Task material:

════

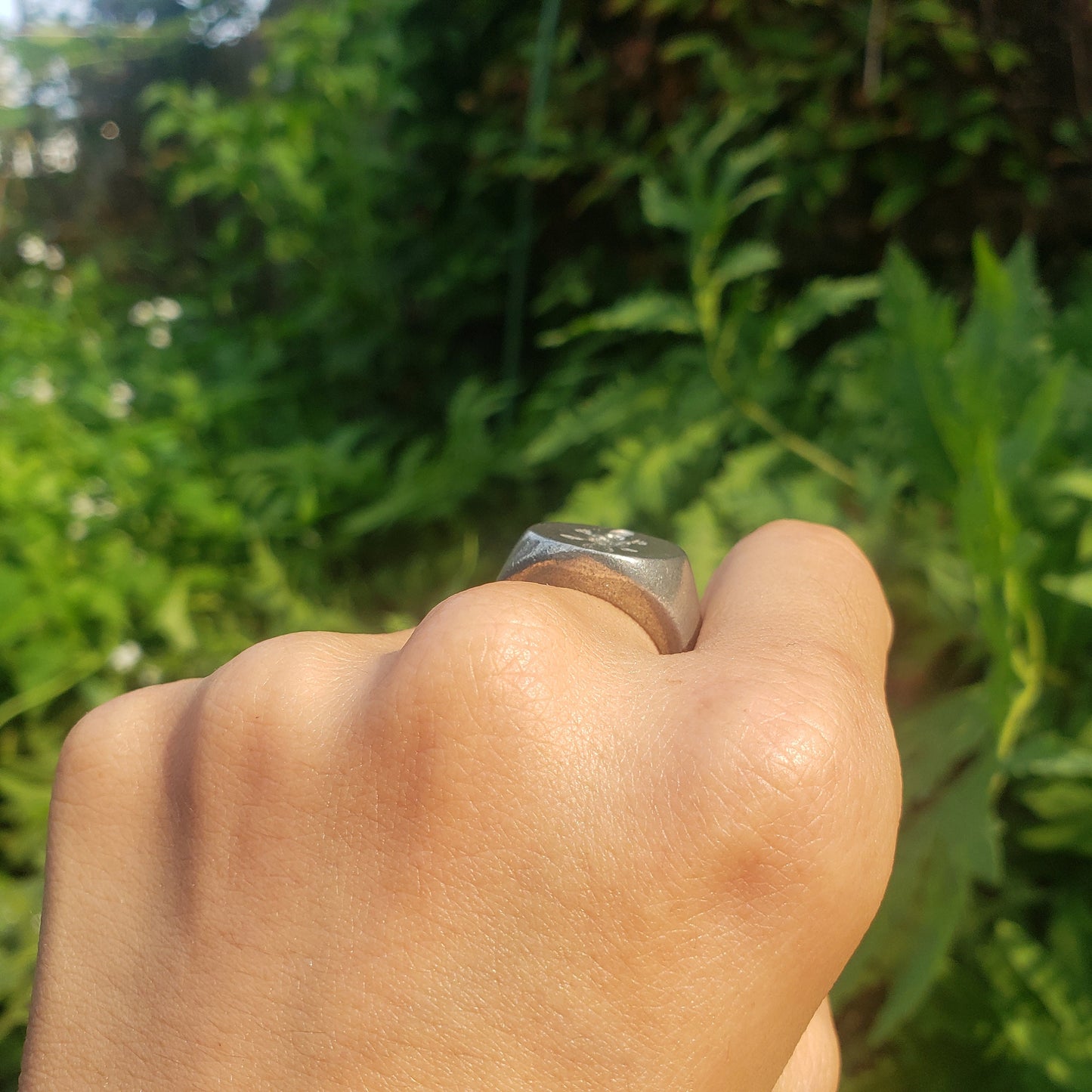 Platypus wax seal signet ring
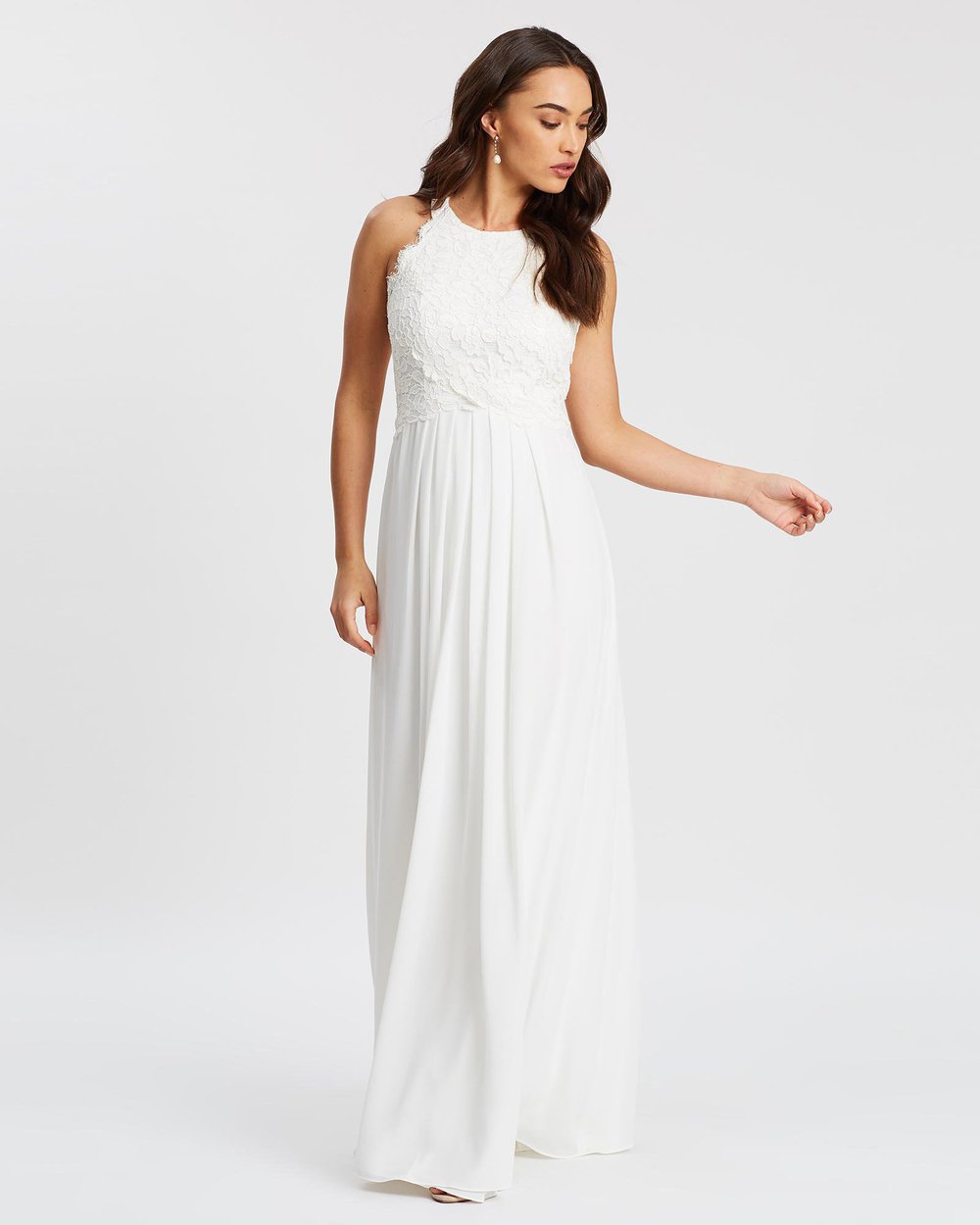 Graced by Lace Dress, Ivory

════

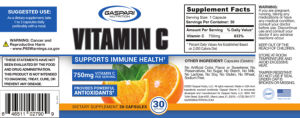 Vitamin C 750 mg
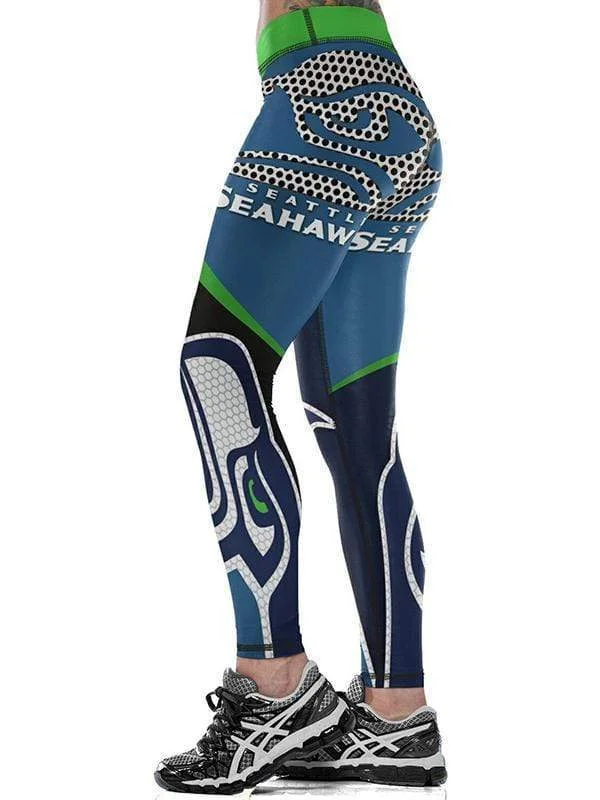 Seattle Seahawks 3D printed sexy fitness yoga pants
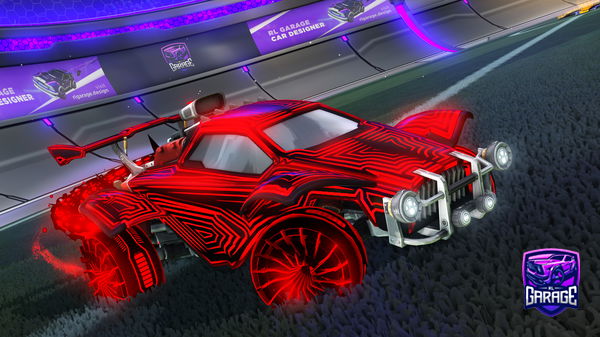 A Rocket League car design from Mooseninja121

════

Work item: Give again the stretch of the entries above that begins at the line with "Platypus wax seal signet ring" and ends at the line with "Graced by Lace Dress, Ivory", word for word, with no pictures.

Response box:
 Platypus wax seal signet ring
 Graced by Lace Dress, Ivory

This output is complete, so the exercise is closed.